Barely 24 hours later Manchester United trounced Chelsea 3-0, moving five points behind the Reds with two games in hand.
Liverpool proceeded to win two of the next six, while Ferguson’s men didn’t drop a single point until a certain 4-1 home defeat two months later.
It started at Stoke.
Ever since, the Britannia has offered a bleak and desolate welcoming to Liverpool. Say what you will about cold and wet Tuesday nights in Stoke; for Brendan Rodgers’ men this is the acid test. To boldly go where no other Liverpool side has, and return up the M6 with three points.
Much like the club’s litany of recent failures at White Hart Lane, visits to the Britannia encapsulate snapshots of wasted chances, of doomed seasons and inglorious mediocrity. It was much the same a year later, although the narrative had shifted with Liverpool’s decimated fortunes.
January 2010 and Liverpool arrived at the Britannia on the back of an FA Cup replay humbling to Reading. Barely a year after he had topped the Premier League the knives were out for Benitez and a depleted Reds, who were five points adrift of the top four.
Liverpool’s line-up that day, shorn of Steven Gerrard, Fernando Torres and Yossi Benayoun, read thus: Reina, Aurelio, Kyrgiakos, Insua, Carragher, Degen, Skrtel, Mascherano, Lucas, Kuyt, Ngog. Fabio Aurelio and Philipp Degen may be adventurous full-backs, though both to differing effect, but their jobs were primarily defensive; in that XI, only Kuyt and Ngog could claim otherwise.
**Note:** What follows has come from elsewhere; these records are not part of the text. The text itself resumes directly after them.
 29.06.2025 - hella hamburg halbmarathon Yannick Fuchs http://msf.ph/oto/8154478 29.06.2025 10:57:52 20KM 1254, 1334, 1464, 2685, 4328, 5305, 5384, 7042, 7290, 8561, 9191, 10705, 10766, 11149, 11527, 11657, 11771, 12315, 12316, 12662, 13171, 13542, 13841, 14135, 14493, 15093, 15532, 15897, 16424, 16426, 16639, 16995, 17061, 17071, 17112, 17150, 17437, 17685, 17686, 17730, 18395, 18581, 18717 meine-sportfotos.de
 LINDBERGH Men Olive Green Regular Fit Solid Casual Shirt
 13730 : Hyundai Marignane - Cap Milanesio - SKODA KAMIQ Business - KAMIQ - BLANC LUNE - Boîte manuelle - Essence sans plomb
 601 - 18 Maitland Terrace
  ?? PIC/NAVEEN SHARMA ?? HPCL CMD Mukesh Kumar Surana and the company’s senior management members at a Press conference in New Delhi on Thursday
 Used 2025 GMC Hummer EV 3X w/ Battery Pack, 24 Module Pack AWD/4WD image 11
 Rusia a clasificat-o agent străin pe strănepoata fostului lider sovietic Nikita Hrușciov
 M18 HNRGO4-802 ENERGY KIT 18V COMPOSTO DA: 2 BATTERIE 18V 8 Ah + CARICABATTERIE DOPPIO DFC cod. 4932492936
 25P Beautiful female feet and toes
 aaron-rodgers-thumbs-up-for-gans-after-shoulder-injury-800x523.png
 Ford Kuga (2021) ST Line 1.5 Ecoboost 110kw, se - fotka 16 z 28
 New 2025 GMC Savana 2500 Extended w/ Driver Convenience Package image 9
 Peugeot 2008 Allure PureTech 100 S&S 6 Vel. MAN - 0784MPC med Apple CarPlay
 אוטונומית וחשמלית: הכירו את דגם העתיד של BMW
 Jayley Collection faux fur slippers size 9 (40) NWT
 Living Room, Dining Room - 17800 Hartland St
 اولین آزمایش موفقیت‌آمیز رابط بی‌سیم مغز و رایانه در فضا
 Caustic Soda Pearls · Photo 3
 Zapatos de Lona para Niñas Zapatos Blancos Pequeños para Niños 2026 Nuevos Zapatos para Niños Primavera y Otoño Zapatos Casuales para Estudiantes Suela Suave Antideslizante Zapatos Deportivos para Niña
It’s a lineup illustrative of both Benitez’s diminished resources at the time, and his reversion to dogmatic football in a desperate attempt to claw Liverpool up the table. A scrappy opening goal from Kyrgiakos was cancelled out by an equally scrappy late Robert Huth equaliser. There was still time for Kuyt to crash a header against the post, but the turgid spectacle itself was demonstrative of all Liverpool’s travails that year.
According to a BBC Sport report of the game, “The result did little to ease the intense pressure on beleaguered boss Benitez who had faced a barrage of criticism and calls for him to be sacked.”
(Rafa’s verdict of the referee’s bumbling performance that afternoon remains possibly my favourite interview of his).
Ten months later Liverpool returned to Stoke under Roy Hodgson and managed to record a listless and mindnumbingly dreadful 2-0 defeat. A defeat that left us closer to the drop zone than the top four, and which abruptly halted the mini-Hodge Hedelma- ja kasinopeleja pelataan Casino Redilla, Casino Blackilla, live-casinolla ja Gamesissa. revival (three wins and a draw count, whoever the manager…) and slapped it in the face.
Of all the Hodge defeats it felt the most pertinent, coming as it did on the back of a four game unbeaten run which represented the high-water mark for the Hodge. The Everton and Blackpool results were depressing but early in the season, whilst the Wolves and Blackburn defeats confirmed the inevitable.
It was not merely a 2-0 loss at Stoke, but a game where Liverpool saw only 36% possession, a numeral that poetically mirrors the tactician of the day’s career win percentage. It confirmed the worst fears of all Reds, and the grim reality of Hodgeball as it reverted to type.
The entirety of the Hodge’s half-season can be discarded as an anomaly; but once again it was a visit to the Britannia which resonated loudly. In September 2011 Kenny Dalglish’s new-look Liverpool found a familiar foe waiting, and discovered one that would plague their season.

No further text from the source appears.